Important Additional Information and Where to Find It

In connection with the proposed transaction, PFG intends to file with the SEC a registration statement on Form S-4 (the “Registration Statement”), which will include a prospectus with respect to the shares of PFG’s common stock to be issued in the proposed transaction and a proxy statement for Core-Mark’s stockholders (the “Proxy Statement”). Core-Mark will send the Proxy Statement to its stockholders, and each party may file other documents regarding the proposed transaction with the SEC. This communication is not a substitute for the Form S-4, the Proxy Statement or any other document that Core-Mark may send to its stockholders in connection with the proposed transaction. INVESTORS AND SECURITY HOLDERS OF PFG AND CORE-MARK ARE URGED TO READ THE FORM S-4, THE PROXY STATEMENT AND ANY OTHER RELEVANT DOCUMENTS (INCLUDING ANY AMENDMENTS OR SUPPLEMENTS THERETO) THAT WILL BE FILED WITH THE SEC CAREFULLY AND IN THEIR ENTIRETY WHEN THEY BECOME AVAILABLE BECAUSE THEY WILL CONTAIN IMPORTANT INFORMATION ABOUT PFG, CORE-MARK, THE PROPOSED TRANSACTION AND RELATED MATTERS. Investors and security holders of PFG and Core-Mark will be able to obtain free copies of the Form S-4, the Proxy Statement and other documents (including any amendments or supplements thereto) containing important information about PFG and Core-Mark once those documents are filed with the SEC, through the website maintained by the SEC at www.sec.gov. Copies of the documents filed with the SEC by PFG will be available free of charge on PFG’s website at www.investors.pfgc.com or by contacting PFG’s Investor Relations department at investor@pfgc.com. Copies of the documents filed with the SEC by Core-Mark will be available free of charge on Core-Mark’s website at ir.core-mark.com/investors or by contacting Core-Mark’s Investor Relations department at ir@core-mark.com.

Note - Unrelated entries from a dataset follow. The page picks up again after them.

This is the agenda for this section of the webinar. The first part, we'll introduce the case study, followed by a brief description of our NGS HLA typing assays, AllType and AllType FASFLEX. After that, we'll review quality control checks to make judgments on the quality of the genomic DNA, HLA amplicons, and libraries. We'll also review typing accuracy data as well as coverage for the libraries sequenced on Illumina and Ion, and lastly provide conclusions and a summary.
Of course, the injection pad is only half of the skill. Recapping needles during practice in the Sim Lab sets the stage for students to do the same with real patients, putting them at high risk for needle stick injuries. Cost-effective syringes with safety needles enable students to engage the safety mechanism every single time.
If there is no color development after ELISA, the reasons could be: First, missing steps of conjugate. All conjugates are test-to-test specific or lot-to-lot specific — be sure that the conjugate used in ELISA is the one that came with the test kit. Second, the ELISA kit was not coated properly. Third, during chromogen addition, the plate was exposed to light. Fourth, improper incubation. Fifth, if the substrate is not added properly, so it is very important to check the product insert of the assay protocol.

Participants In The Solicitation

PFG, Core-Mark and certain of their respective directors, executive officers and employees may be deemed to be participants in the solicitation of proxies from the stockholders of Core-Mark in connection with the proposed transaction.

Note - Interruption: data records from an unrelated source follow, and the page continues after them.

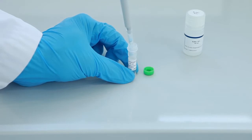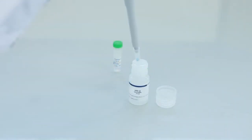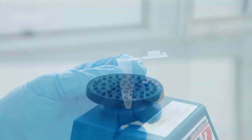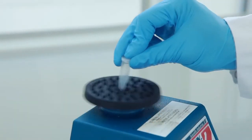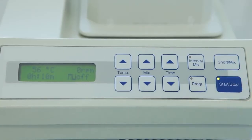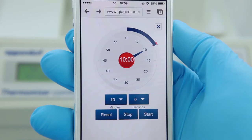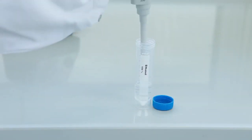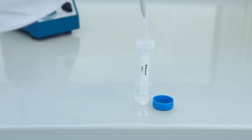The lysis begins by adding proteinase K to the sample. Then add buffer AL for blood samples or buffer ATL for tissue samples, and vortex thoroughly. If you are working with blood, incubate the sample for 10 minutes at 56 degrees Celsius. Add 200 microliters of ethanol and vortex thoroughly.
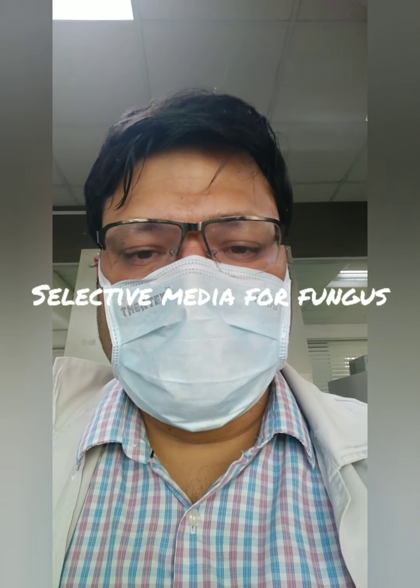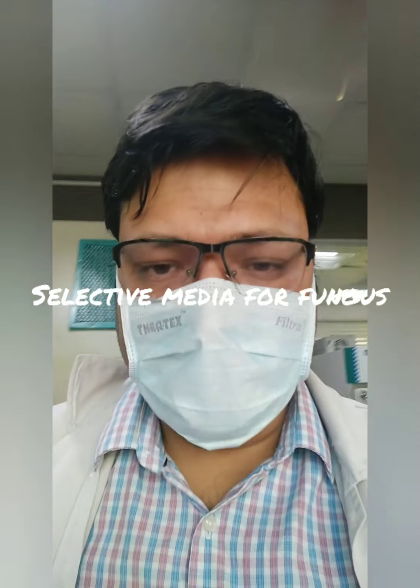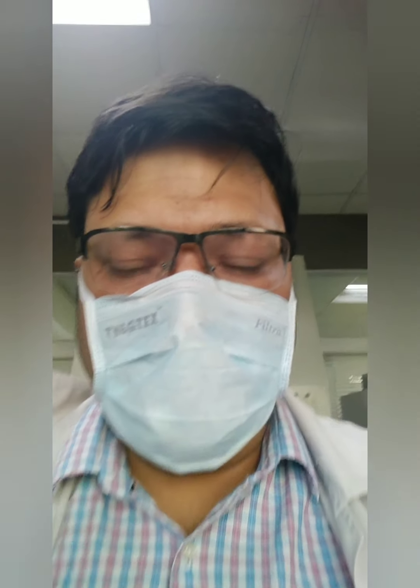This media is a selective media for the cultivation of fungus. Selective media means it does not allow the growth of bacteria in it.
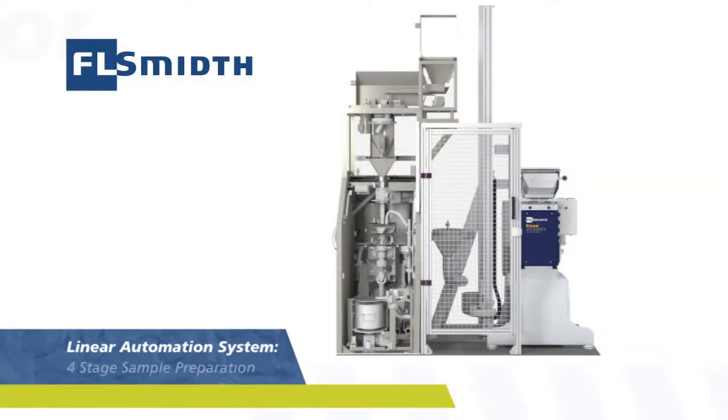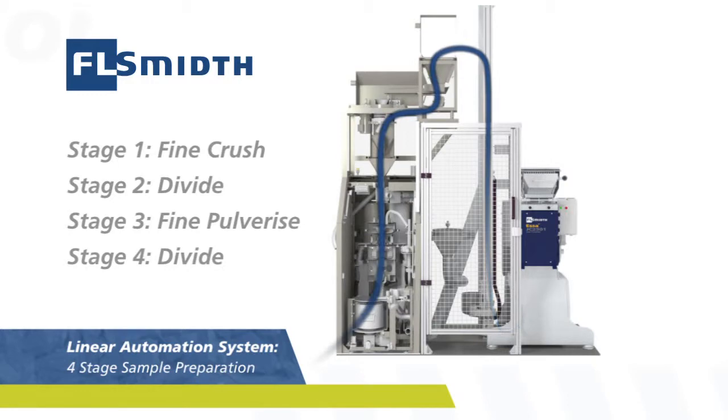The LAS402 linear automation system offers many of the benefits of robot-based automation cells at a fraction of the cost. And because it's designed and built by FL Smith, you can be sure it will perform to specifications.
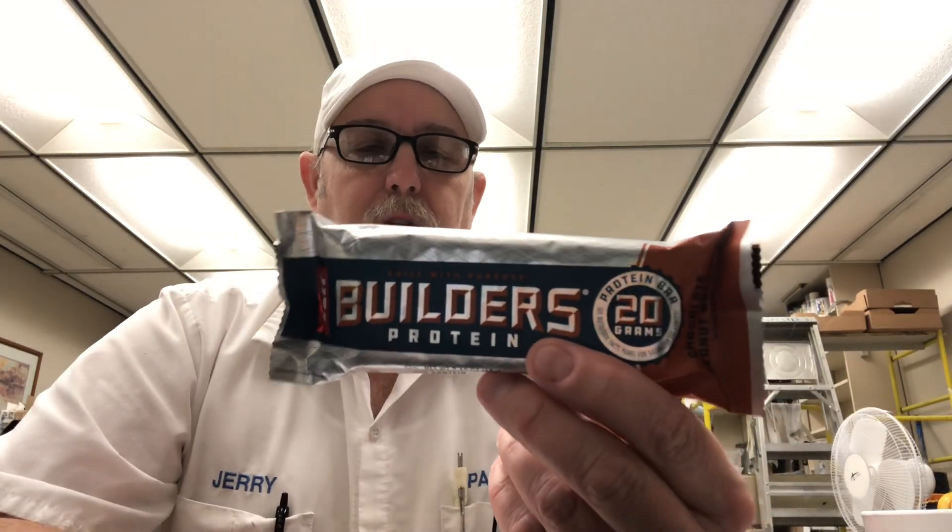Hello, I'm Jerry Ford. I'm going to review a protein bar built with purpose — Builders Protein.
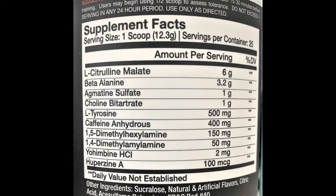Agmatine sulfate is pretty similar to L-citrulline but acts a little differently — it inhibits the enzyme that breaks down nitric oxide. So first, citrulline is a precursor to arginine which boosts nitric oxide, then agmatine makes sure that nitric oxide isn't broken down by the enzymes responsible for that. Through that we get improved blood flow for better muscle pump and better nutrient delivery.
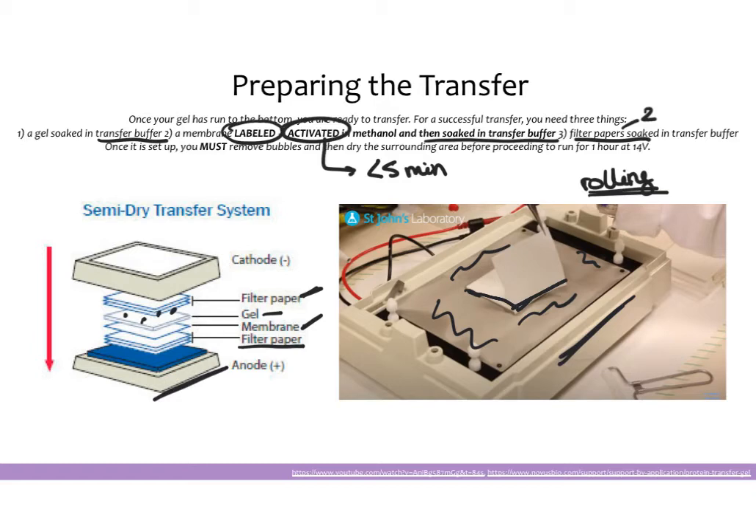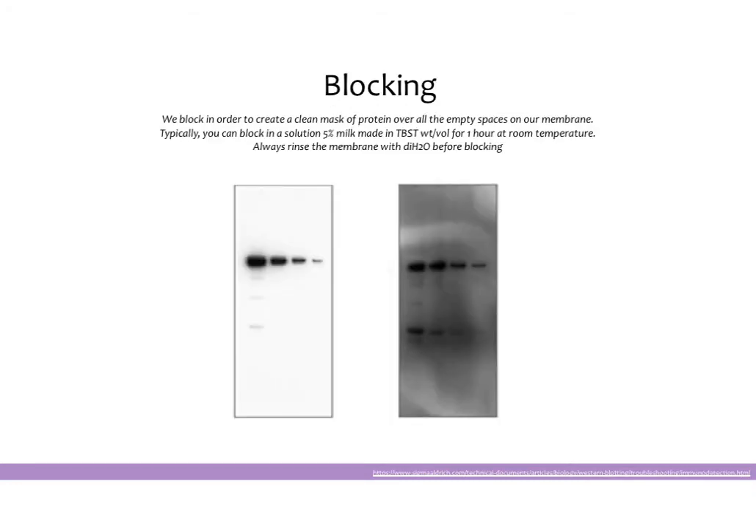Once the sandwich is dry, put the machine back together and run for one hour at 14 volts. One hour is important — don't overrun this, as proteins will start running through the membrane into the filter paper. Check the transfer machine a minute or two after starting it, because sometimes if the surface isn't quite dry enough it can start and then stop. Once the transfer is over, open up the machine and check your membrane — you will know the transfer worked by looking at your ladder, which should have transferred onto the membrane. If it has, throw away the gel and move forward with your membrane.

Information about the directors and executive officers of PFG is set forth in its (i) Form 10-K for the fiscal year ended June 27, 2020, which was filed with the SEC on August 18, 2020 and (ii) proxy statement for its 2020 annual meeting of stockholders, which was filed with the SEC on October 9, 2020, and on its website at www.pfgc.com.

Information about the directors and executive officers of Core-Mark is set forth in its (i) Form 10-K for the fiscal year ended December 31, 2020, which was filed with the SEC on March 1, 2021 and (ii) proxy statement for its 2021 annual meeting of stockholders, which was filed with the SEC on April 5, 2021, and on its website at www.core-mark.com.

Investors may obtain additional information regarding the interest of such participants by reading the Form S-4, the Proxy Statement and other materials to be filed with the SEC in connection with proposed transaction when they become available.

No Offer or Solicitation

This communication is for informational purposes only and does not constitute, or form a part of, an offer to sell or the solicitation of an offer to sell or an offer to buy or the solicitation of an offer to buy any securities, and there shall be no sale of securities, in any jurisdiction in which such offer, solicitation or sale would be unlawful prior to registration or qualification under the securities laws of any such jurisdiction. No offer of securities shall be made except by means of a prospectus meeting the requirements of Section 10 of the Securities Act of 1933, as amended, and otherwise in accordance with applicable law.